By Yantoultra Ngui and Roushni Nair
SINGAPORE, Feb 4 (Reuters) – A KKR and Singapore Telecommunications consortium will pay S$6.6 billion ($5.2 billion) in cash to take full control of ST Telemedia Global Data Centres (STT GDC), the companies said on Tuesday, in an intensifying race for AI capacity.
The deal gives the data centre operator an implied enterprise value of S$13.8 billion, based on the price the companies are paying for the 82% stake they do not already own.
The transaction is the largest in Singapore in four years and biggest ever data centres deal in Southeast Asia, reflecting the growing need for computing capacity, power access and scale as demand booms for artificial intelligence and cloud services.

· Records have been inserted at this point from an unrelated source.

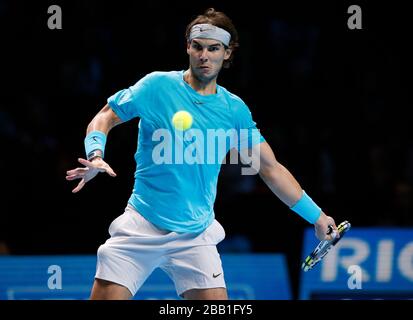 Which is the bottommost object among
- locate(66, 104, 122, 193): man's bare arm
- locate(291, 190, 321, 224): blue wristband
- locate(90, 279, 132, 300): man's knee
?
locate(90, 279, 132, 300): man's knee

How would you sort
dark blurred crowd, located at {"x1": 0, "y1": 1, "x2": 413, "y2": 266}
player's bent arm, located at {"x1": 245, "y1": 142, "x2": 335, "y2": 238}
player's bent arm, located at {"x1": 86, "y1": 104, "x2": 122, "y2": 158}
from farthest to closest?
dark blurred crowd, located at {"x1": 0, "y1": 1, "x2": 413, "y2": 266}, player's bent arm, located at {"x1": 245, "y1": 142, "x2": 335, "y2": 238}, player's bent arm, located at {"x1": 86, "y1": 104, "x2": 122, "y2": 158}

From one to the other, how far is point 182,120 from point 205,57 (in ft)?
1.20

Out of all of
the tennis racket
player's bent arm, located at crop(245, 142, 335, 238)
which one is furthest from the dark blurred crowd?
player's bent arm, located at crop(245, 142, 335, 238)

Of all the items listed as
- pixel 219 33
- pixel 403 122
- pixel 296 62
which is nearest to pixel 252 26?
pixel 296 62

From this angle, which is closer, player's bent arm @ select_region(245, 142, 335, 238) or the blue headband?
the blue headband

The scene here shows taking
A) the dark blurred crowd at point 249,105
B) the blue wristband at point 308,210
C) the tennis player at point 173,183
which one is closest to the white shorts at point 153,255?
the tennis player at point 173,183

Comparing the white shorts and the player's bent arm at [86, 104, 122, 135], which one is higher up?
the player's bent arm at [86, 104, 122, 135]

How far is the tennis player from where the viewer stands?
481 centimetres

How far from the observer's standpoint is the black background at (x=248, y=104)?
7.58 m

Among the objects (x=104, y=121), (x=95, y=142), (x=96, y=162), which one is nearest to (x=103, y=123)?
(x=104, y=121)

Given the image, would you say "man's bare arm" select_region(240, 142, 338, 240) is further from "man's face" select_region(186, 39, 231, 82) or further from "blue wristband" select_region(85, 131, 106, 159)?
"blue wristband" select_region(85, 131, 106, 159)

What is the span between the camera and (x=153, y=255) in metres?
4.84

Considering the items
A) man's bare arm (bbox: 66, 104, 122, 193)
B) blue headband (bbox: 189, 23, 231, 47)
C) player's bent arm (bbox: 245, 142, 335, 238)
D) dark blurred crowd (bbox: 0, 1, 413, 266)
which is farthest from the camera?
dark blurred crowd (bbox: 0, 1, 413, 266)

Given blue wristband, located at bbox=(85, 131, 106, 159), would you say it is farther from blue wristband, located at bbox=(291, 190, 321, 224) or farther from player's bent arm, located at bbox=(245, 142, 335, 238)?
blue wristband, located at bbox=(291, 190, 321, 224)
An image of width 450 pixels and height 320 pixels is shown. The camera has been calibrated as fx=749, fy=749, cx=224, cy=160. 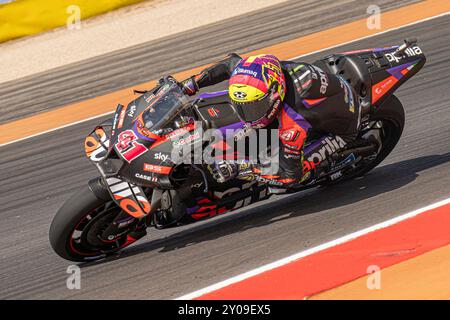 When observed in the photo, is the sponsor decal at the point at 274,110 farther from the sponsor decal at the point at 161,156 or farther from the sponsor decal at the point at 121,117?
the sponsor decal at the point at 121,117

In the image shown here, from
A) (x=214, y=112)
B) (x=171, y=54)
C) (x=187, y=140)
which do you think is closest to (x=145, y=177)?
(x=187, y=140)

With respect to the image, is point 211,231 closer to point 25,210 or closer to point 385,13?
point 25,210

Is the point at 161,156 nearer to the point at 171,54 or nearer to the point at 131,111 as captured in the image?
the point at 131,111

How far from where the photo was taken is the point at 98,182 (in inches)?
237

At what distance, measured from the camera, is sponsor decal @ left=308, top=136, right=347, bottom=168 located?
664 centimetres

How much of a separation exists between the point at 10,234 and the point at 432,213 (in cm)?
410

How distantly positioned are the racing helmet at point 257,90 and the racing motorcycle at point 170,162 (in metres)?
0.25

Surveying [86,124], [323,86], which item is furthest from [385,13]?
[323,86]

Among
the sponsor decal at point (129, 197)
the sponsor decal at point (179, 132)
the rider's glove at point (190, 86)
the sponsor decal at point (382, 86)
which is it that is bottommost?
the sponsor decal at point (129, 197)

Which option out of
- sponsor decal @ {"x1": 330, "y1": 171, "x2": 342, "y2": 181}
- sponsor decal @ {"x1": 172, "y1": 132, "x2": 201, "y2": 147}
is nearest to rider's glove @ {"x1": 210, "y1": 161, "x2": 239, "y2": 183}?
sponsor decal @ {"x1": 172, "y1": 132, "x2": 201, "y2": 147}

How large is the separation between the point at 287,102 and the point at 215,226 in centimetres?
145

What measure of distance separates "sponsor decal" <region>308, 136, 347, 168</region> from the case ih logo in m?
1.60

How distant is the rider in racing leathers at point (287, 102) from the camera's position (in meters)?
6.02

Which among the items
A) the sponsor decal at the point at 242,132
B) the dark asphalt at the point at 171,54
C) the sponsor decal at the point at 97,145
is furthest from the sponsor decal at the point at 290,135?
the dark asphalt at the point at 171,54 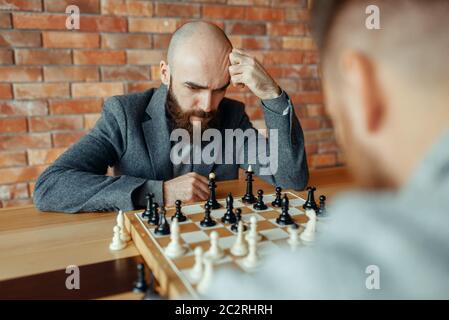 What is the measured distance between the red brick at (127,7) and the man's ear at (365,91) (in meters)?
2.24

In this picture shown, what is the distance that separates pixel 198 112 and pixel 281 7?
1.48m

Shares of Singtel opened 1.9% higher to hit a record S$4.95 and closed 1.0% higher at S$4.91, outperforming Singapore’s benchmark index, which ended 0.22% higher.
Founded in 2014 and headquartered in Singapore, STT GDC is a data centre platform with about 2.3 gigawatts of design capacity across 12 major markets in the Asia Pacific, the UK and Europe, providing co-location, connectivity and around-the-clock support services, the companies said.
Reuters reported in November that KKR and Singtel were in advanced talks to buy more than 80% of STT GDC in a deal that would give them full ownership.
Under the deal, the KKR-led consortium will acquire the remaining 82% stake in STT GDC from its founding shareholder, ST Telemedia, via STT Communications Ltd, an indirect wholly owned subsidiary of Temasek Holdings, the companies said.
On completion, KKR and Singtel will hold 75% and 25% respectively, taking into account the conversion of existing redeemable preference shares held by both investors, the companies said.
Phillip Securities Research’s head of research Paul Chew said the deal fits Singtel’s broader digital infrastructure push, and the transaction “creates a funnel for growth” beyond 2028.
“It cements Singtel as one of the largest data centre operators in Asia,” he said, adding that the deal’s valuation in the high teens on an EV-to-EBITDA basis looked “fair” given STT GDC’s growth pipeline and Asia exposure.
Maybank Securities Singapore analyst Hussaini Saifee said Singtel has “a right to play” in data centres given its long operating track record, connectivity infrastructure and experience running infrastructure heavy businesses.
“With STT GDC, Singtel will be one of the largest DC player in Asia Pac,” he said. “The combination gives Singtel, partners global scale plus capability to win larger, multi-market hyperscaler and AI opportunities.”